#### PROVIDED DATA ####

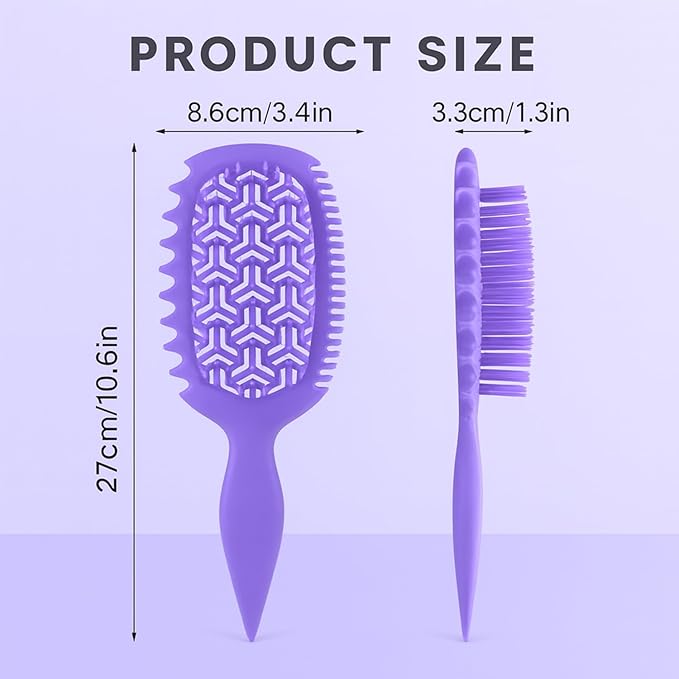 Curl Defining Brush, Vented Curly Hair Brush for Effortlessly Detangling Shaping and Styling, Candy Brush for Wet or Dry Hair Types for Women and Girl, Defining with Side Gear, Reduces Frizz (Purple)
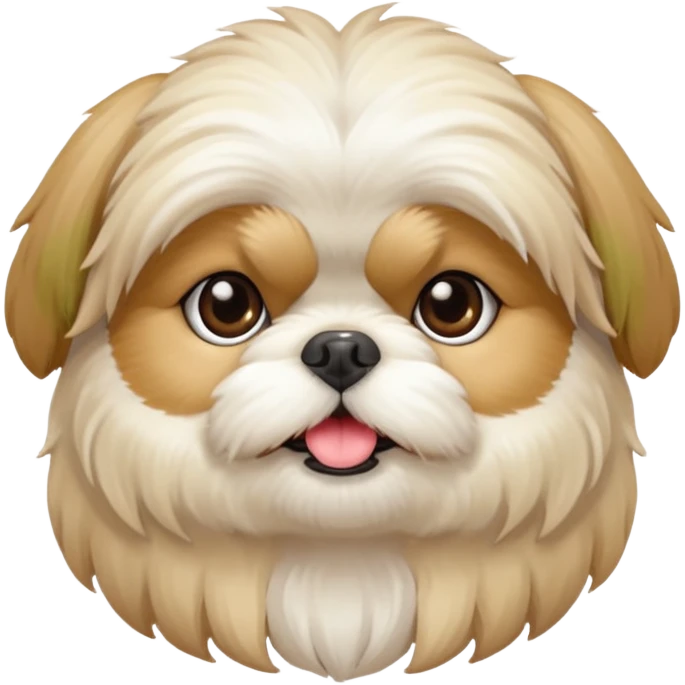generame la imagen de un perrito raza chitzu de color cremita, totalmente cremita sin esos colores marron oscuro en su cara emoji
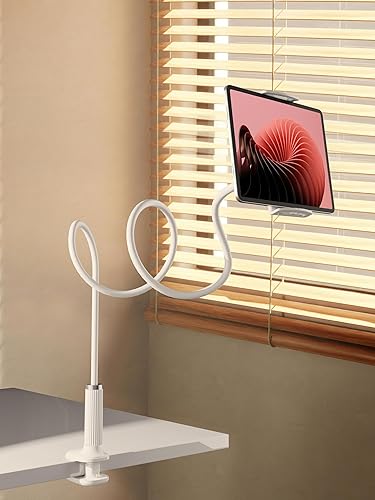 Miniatura 7 de KI-R Soporte de cama de 38.7 pulgadas con cuello de cisne para tableta y teléfono, soporte de abrazadera flexible ajustable compatible con iPad,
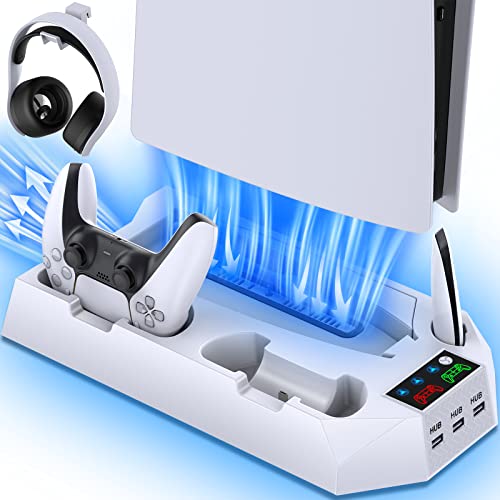 PS5/PS5 Slim/PS5 Pro Stand and Cooling Station with Dual Controller Charging Station for PlayStation 5 Console, PS5 Accessories Incl. Controller Charger, Cooling Fan, Headset Holder, 3 USB Hub, White - Click to Buy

####

§ **WHAT IS BEING ASKED**
Keep to the stretch from the line containing "generame la imagen" through the line containing "Miniatura 7 de", both ends included, and copy it exactly from the listing above, minus the pictures.

§ **RESPONSE TO THE EXERCISE**
generame la imagen de un perrito raza chitzu de color cremita, totalmente cremita sin esos colores marron oscuro en su cara emoji
 Miniatura 7 de KI-R Soporte de cama de 38.7 pulgadas con cuello de cisne para tableta y teléfono, soporte de abrazadera flexible ajustable compatible con iPad,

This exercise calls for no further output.